Born to an Australian-Irish father and an Afro-Cuban mother, O'Brien is herself a wife and mother of four young children (including 2-year-old twins). And she's proud to be an exotic collection of ethnicities.

"I'm black, I'm Latina, I'm mixed race, I'm everything," she says. "My mother and father got married in the late 1950s at a time when interracial marriage was actually still illegal. My mother instilled in me the attitude that you have to live the life you want to live and not abide by somebody else's rules. You have to make your own. And that's what I've tried to do."

It hasn't always been easy. O'Brien recalls weeks when she was "called not ethnic enough on Monday, and by Wednesday I was seen as too ethnic. Everyone has an opinion. You have to be philosophical that when opportunity slams the door, a window is going to open."

O'Brien's first network job was as a field producer at NBC for "NBC Nightly News" and "Today" in 1991. She moved on to work at MSNBC, anchoring the weekend morning show and the technology program "The Site," becoming anchor for "Weekend Today" in 1999 and contributing reports for the weekend edition of "NBC Nightly News." During that time, she covered John F. Kennedy Jr.'s plane crash and the Columbine High School shootings. She also was the only broadcast journalist to travel with first lady Laura Bush to Paris and Moscow.

A Harvard University graduate with a degree in English and American literature, O'Brien's ethnicity has brought her an eclectic collection of honors -- including spots on Irish America Magazine's "Top 100 Irish Americans" list and Black Enterprise magazine's 2005 Hit List, as well as the 2005 Groundbreaking Latina of the Year Award from Catalina magazine.

"I love my career, but you have to keep it in perspective," O'Brien says. "To have kids like I do, and a husband, is very challenging. I can't just phone in my job, and it's a struggle to accomplish it in a way where everyone and everything gets the proper time. But, by the same token, I refuse to be too stressed to feel blessed."
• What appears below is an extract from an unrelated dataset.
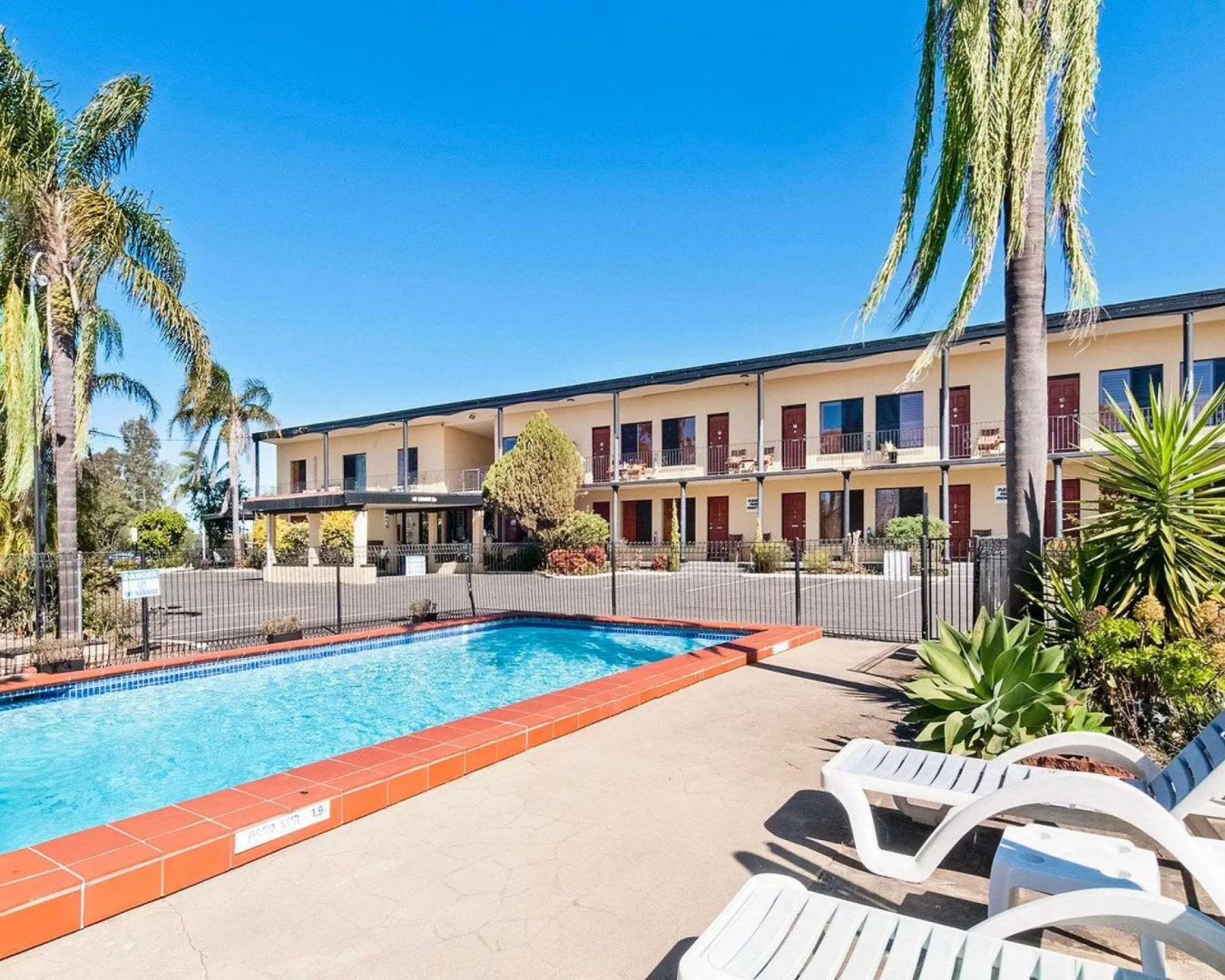 Country Plaza Motel Taree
It humbles O'Brien that she is receiving the same NAACP award that has been bestowed on such icons as former President Bill Clinton, Ella Fitzgerald, Bryant Gumbel and Jesse Jackson.

"I'm really excited to be getting something that so honors the black community," she says. "It's one of those things I'm really going to appreciate when I look back on my career. And I hope it serves to inspire young people to get into journalism, which is a great profession."